Faced with the Newtown tragedy, President Obama has sought to make gun control a signature issue at the outset of his second term. Within and outside of Congress, the topic is one closely intertwined with technology and the advent of online advocacy.
First, there is Vice President Joe Biden, the President’s go-to guy on the fiscal cliff, redeployed in January to rapidly consult stakeholders and craft proposals in concert with legislators. Whatever common ground emerges is owed to the convergence and cooperation of moderates in both parties, themselves prodded by shifting public opinion in the wake of the mass killing of young children.
Forging such compromise is the stuff of traditional politics: closed-door meetings and Congressional hearings amplified by television media.
Online, a new layering of activity has also emerged and begun to exert influence. There is familiar and even amplified divisiveness: the NRA, for example, published videos attacking the Obama administration and, frighteningly, even invoking the Obama children. Yet there are also attempts by the White House to gauge opinions in novel ways via social media, and to shape the public conversation accordingly.
Perhaps the biggest challenge with leveraging this online space lies in the fleetingness of reactions in response to crises and incidents of one sort or another. As Newtown recedes from media headlines, so too does the urgency of the pressures on lawmakers to act. Moreover, there is no formal apparatus to tie together online dialogue and the formalities of Congress.
Money thus becomes a central proxy. Most prominently, the NRA’s influence in legislative races at all levels across the country stems from member donations and mobilization between and especially during elections. On the other side, Arizona Congresswomen Gabrielle Giffords’ new entity is also aiming to raise resources, and groups such as One Million Mothers for Gun Control have devised innovative grassroots and online campaigns.
Yet such bilateral action may well reinforce gridlock, especially in a country with an inherent suspicion toward government. Exit polls during President Obama’s re-election, for instance, revealed more than half of voters view the state as over-extended. And while Newtown provided wind in the sails of gun control advocates, it also brought alarm to many voters fearful of government overreach (prompting the President to claim that he frequently enjoys skeet shooting at Camp David – prompting, in turn, the White House to then tweet photo evidence in light of widespread skepticism).
Gun control has also entailed administrative governance challenges, as demonstrated in this country all too well. The scrapping of Canada’s gun registry is owed in part to a shift in political ideology, but also an all-too-familiar boggling of an IT project. Such pitfalls have long been recognized by the OECD as the “hidden threat” to e-government and it similarly stokes fears in the U.S. in terms of the American government’s ability to better track gun ownership and how such data would and could be used. Likeminded discussions of an electronic registry for mental illness, for example, are quickly cast in Orwellian terms.

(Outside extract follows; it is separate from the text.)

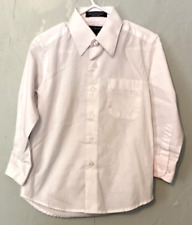 Boys 4 Long Sleeve Dress Shirt White Solid Bill Blass Essentials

Web 2.0 has also brought novel forms of action and new controversy. Deploying the principles underpinning open data initiatives, one local American newspaper gathered publicly searchable records and created an online and searchable mapping of households with registered firearms. The outrage that ensued led to its dismantling, but the episode is suggestive of how new forms of transparency and collective action may shape this debate in the future.
And the future is likely to include guns. Even prior to Newtown, media reports had circulated about the widening concerns of law enforcement agencies pertaining to three dimensional printers, small appliances that can quickly assemble tangible items (making use of readily available recipes online, for instance). The television show that first ventured into Second Life to solve a case, CSI New York, recently featured such a device. Perhaps appropriately given the newness of this technology, the gun eventually misfired thereby harming the perpetrator.
But technology is anything but static, and this ominous form of “do-it-yourself” weaponry seems destined to materialize – literally and figuratively, no pun intended.